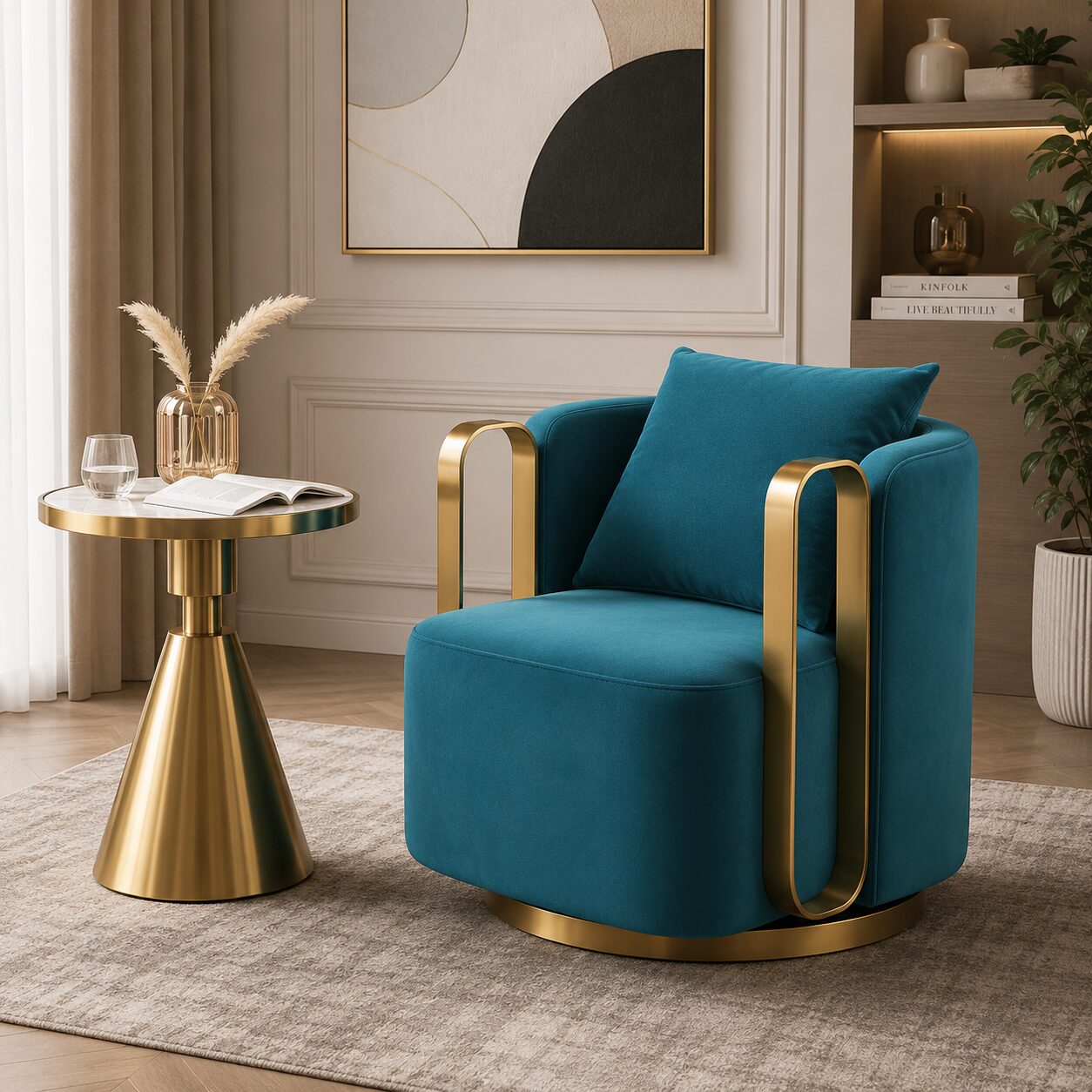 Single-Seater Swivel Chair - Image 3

*****

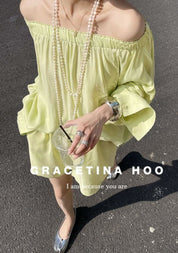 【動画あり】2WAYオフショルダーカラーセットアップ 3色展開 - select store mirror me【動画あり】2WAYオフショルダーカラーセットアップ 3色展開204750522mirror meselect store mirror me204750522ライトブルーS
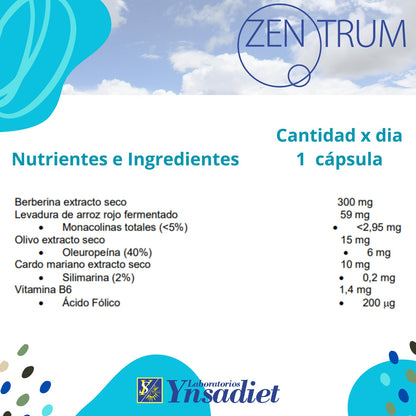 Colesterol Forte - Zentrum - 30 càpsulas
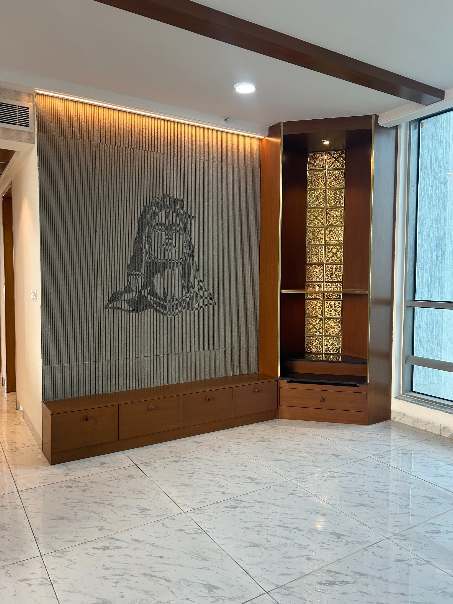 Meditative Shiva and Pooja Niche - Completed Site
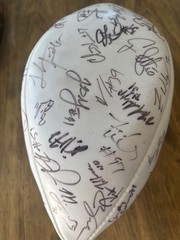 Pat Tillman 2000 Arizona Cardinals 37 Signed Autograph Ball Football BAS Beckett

*****

* [YOUR INSTRUCTIONS]: The output is the stretch above from the line with "store mirror me204750522ライトブルーS" through the line with "Pat Tillman 2000", copied word for word with both ends kept and every picture dropped.

* [YOUR SOLUTION]:
 【動画あり】2WAYオフショルダーカラーセットアップ 3色展開 - select store mirror me【動画あり】2WAYオフショルダーカラーセットアップ 3色展開204750522mirror meselect store mirror me204750522ライトブルーS
 Colesterol Forte - Zentrum - 30 càpsulas
 Meditative Shiva and Pooja Niche - Completed Site
 Pat Tillman 2000 Arizona Cardinals 37 Signed Autograph Ball Football BAS Beckett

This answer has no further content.